In a blog post that likened Bakkt’s launch to the Apollo 11 moon landing, chief operating officer Adam White wrote Thursday that the platform will “initiate user acceptance testing” for its bitcoin futures contracts, which will be listed and traded by its parent company. Bakkt announced last month that it would begin testing in July, though it did not provide a specific date at the time.
Both contracts will see a minimum price fluctuation of $2.50 per bitcoin (with each contract containing one bitcoin). Trades may be executed at $0.01 per bitcoin, with a listing cycle that can last for as long as 12 months (for the monthly contract) or 70 consecutive eligible contract dates (for the daily contract).
Final settlement for both contracts will be at the Bakkt Warehouse.
Stepping back, ICE announced last year that it would be launching physically-settled bitcoin futures contracts. Unlike cash-settled contracts, such as what CME Group offers, customers receive an actual bitcoin on the contract’s expiration, and not the fiat equivalent to bitcoin’s price.
On Thursday, White wrote that Bakkt’s mission is “ to support the development of trusted infrastructure for securely transacting in the new market for digital assets.”
The exchange initially announced potential launch dates last year and January of this year, though both were delayed due to a lack of regulatory approvals. The delay appears to stem in part from Bakkt’s plan to warehouse its own bitcoin and clear trades through the ICE clearinghouse.
Bakkt has not yet announced a final launch date.
The company first revealed last month it was self-certifying its futures contracts, which included a daily contract that was previously announced and a monthly contract that was not.
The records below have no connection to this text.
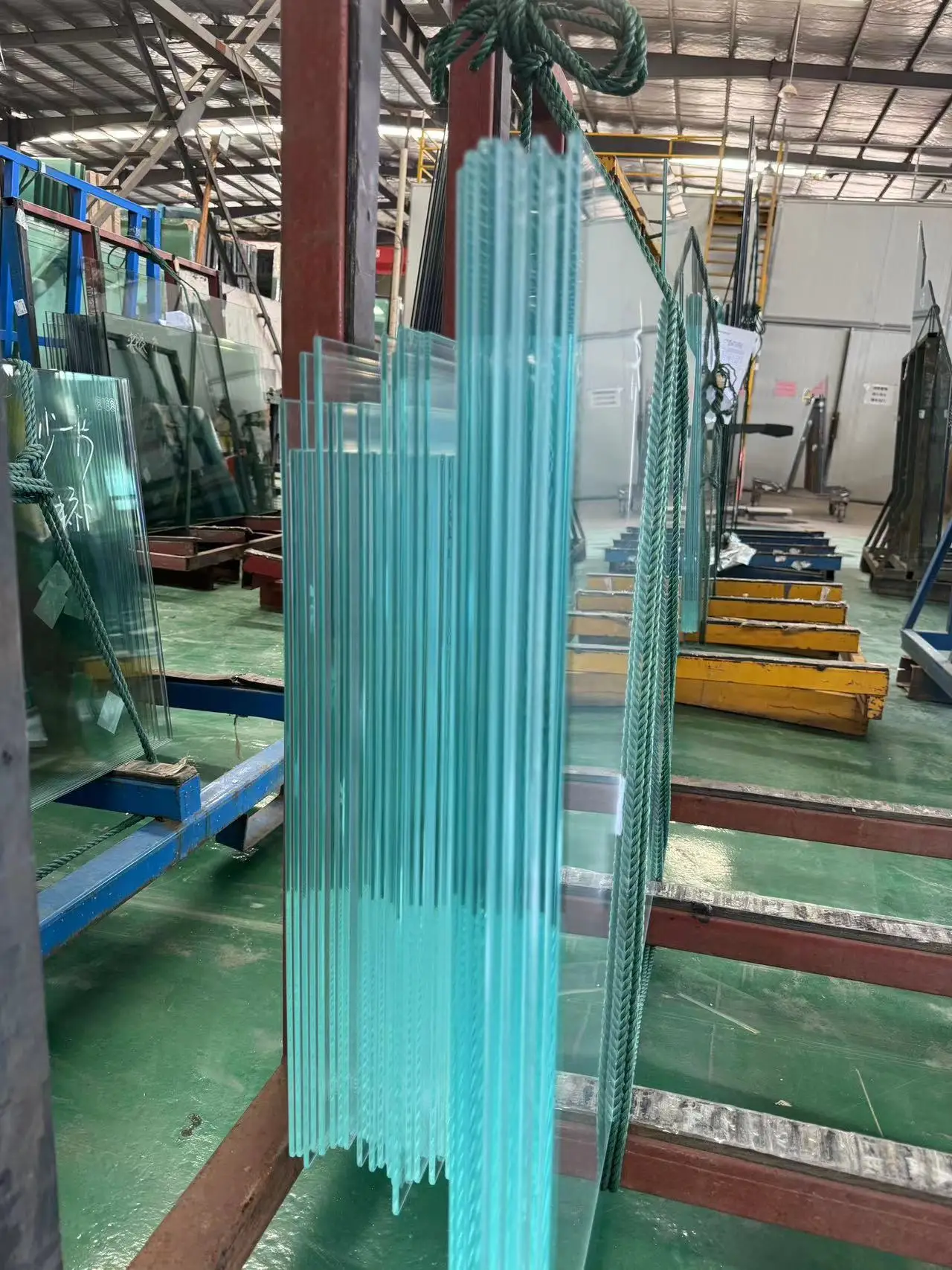 19mm ultra white low iron glass  ultra white 10mm tempered glass ultra clear glass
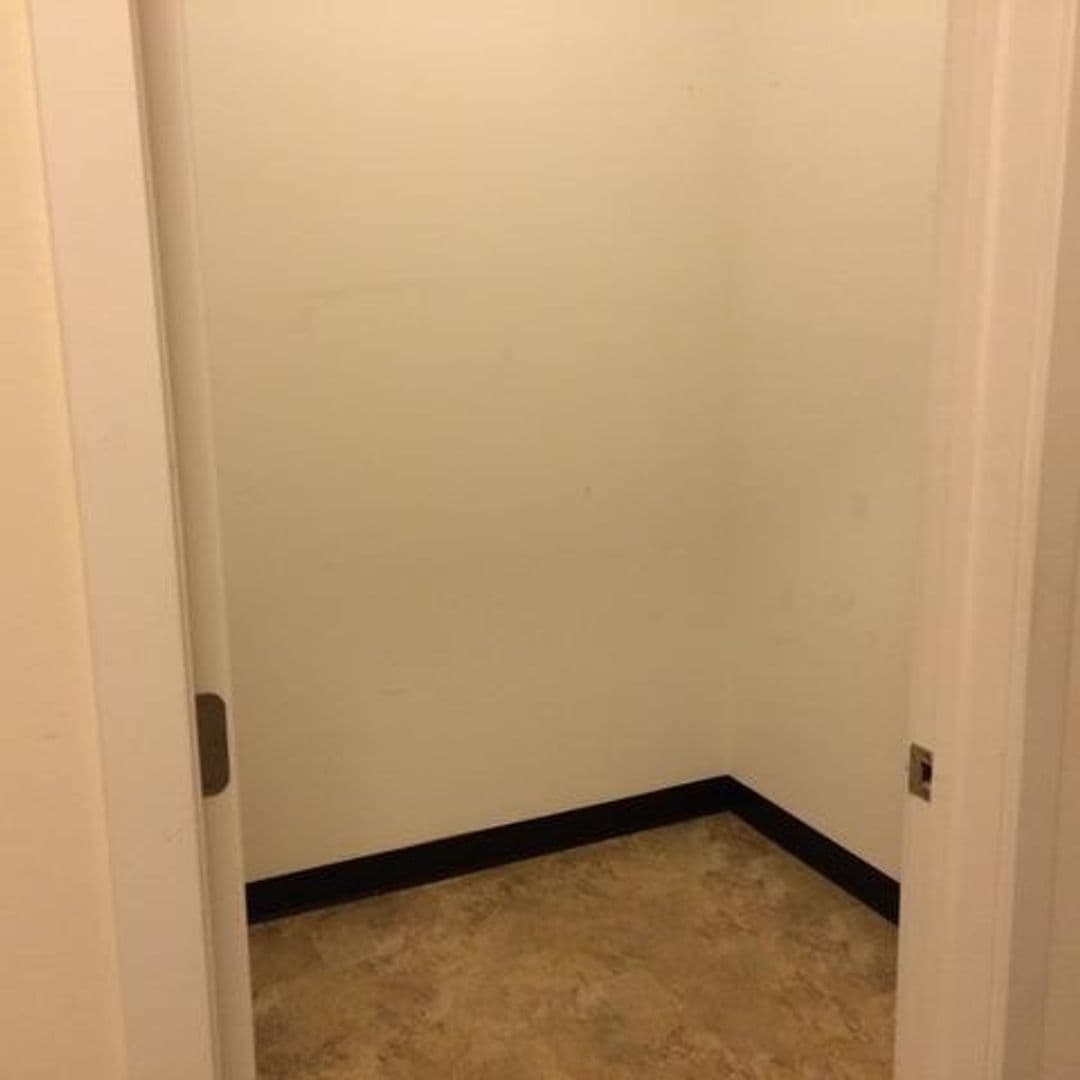 Sycamore Apartment: 437 W State Street
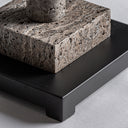 Lámpara de mesa de mármol y hierro en color gris 33 x 88 cm – detalle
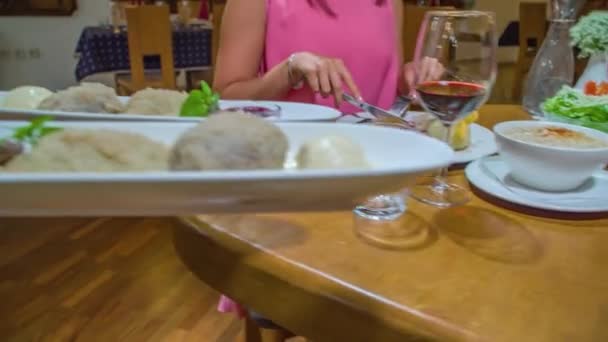 Großaufnahme Von Ausgefallenem Essen Wird Auf Einem Restauranttisch Zum Abendessen — Stockvideo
“This is no small step,” White wrote Thursday. “This launch will usher in a new standard for accessing crypto markets.”
“Compared to other markets, institutional participation in crypto remains constrained due to limitations like market infrastructure and regulatory certainty. This results in lower trading volumes, liquidity, and price transparency than more established markets like ICE’s Brent Crude futures contract, which has earned global trust in setting the world’s price of crude oil.”